I won’t lie; there was a time when I thought David Cameron had come to save us all. When the Expenses Crisis blew up (I don’t think either Blair or Brown were directly responsible, but Blair (at least) encouraged MPs to take all they could get by setting a very poor example) Cameron was the only major party leader who showed true leadership. The Tories took their lumps – I think every party took a beating as more and more expenses were uncovered – but they came out looking better than either Labour or the Liberal Democrats. I expected Cameron to win the election. Instead, he was forced into a strange alliance with the Liberal Democrats.
Cameron has been something of a disappointment as Prime Minister. To be fair, the aforementioned alliance with the Liberal Democrats limited his freedom of action, but he failed to deliver many of the policies I wanted. There was no referendum on EU membership, no strict cap on immigration, no major political reform, continuous and downright horrific cuts to the armed forces, a utterly stupid move to add VAT to eBooks and a complete failure to get to grips with rising extremism on the streets of Britain. At best, the UK can be said to have ambled along; at worst, few of the lessons learned in a decade of Labour mismanagement can be said to have taken hold.
I feel betrayed. I’m not the only one.
The major choices in the coming election would seem to be Conservative, Labour, Liberal Democrats and SNP. A Conservative government would be more of the same, Labour seems to have learned nothing from the Blair/Brown years, the Liberal Democrats engage in too much wishful thinking and the SNP has been showing some disturbingly illiberal traits recently. We had a referendum on Scottish Independence, the Scots voted NO … and the SNP refuses to accept that the issue has been settled for the foreseeable future. Like the EU’s unelected elite, the SNP would like us to keep voting until we give them the answer they want.
Bah. A party that has so little respect for democracy deserves nothing but scorn.

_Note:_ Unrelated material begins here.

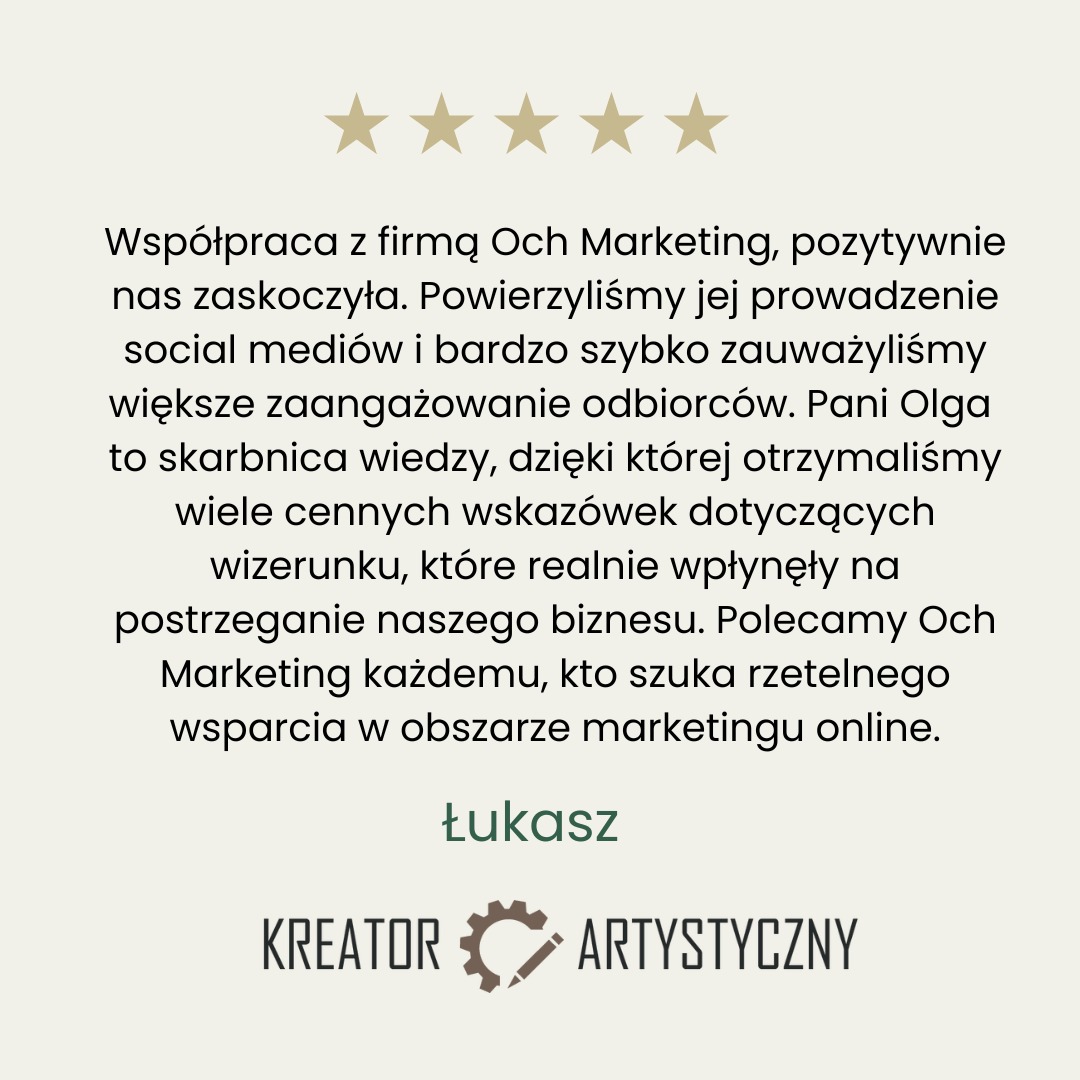 Referencje dla Och Marketing: tekst z czterema gwiazdkami, pozytywna opinia o prowadzeniu social mediów i wzroście zaangażowania odbiorców, podpisane przez Łukasza.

And then there is the UKIP.
The Mainstream Media (a term I shamelessly borrow from America) has been roundly mocking the UKIP, calling it a party of racists, fascists and nationalists. Sure, there are assholes in the UKIP’s ranks, but that’s true of every party. Take a look at the MPs who lived high on the hog before the Expenses Crisis, then ask yourself if the UKIP’s handful of bad apples is any better or worse than those in other parties? They’ve certainly done a great deal less damage!
I spent the last few days reading the UKIP’s manifesto (summery here, complete here). There’s a lot of good stuff in it, policies I believe to be sensible, if not urgent requirements. I think I’m going to be voting UKIP.
Can the UKIP deliver, if elected? I don’t know – but i don’t trust any of the larger parties any longer.
The downside is simple. As I noted earlier in my blog, taking my vote from the Conservatives and giving it to UKIP may weaken the Conservatives and put a Labour/Liberal Democrat/SNP government into power. The Conservatives have noted that for themselves. That is true … but really, why would I vote Conservative when the Conservatives have failed to deliver the goods?
If you’re unsure who to vote for, ignore the media, read the party manifestos and then consider their past record at delivering on their promises. Britain’s future deserves no less …
… And if you don’t vote UKIP, at least know why you’re making that choice.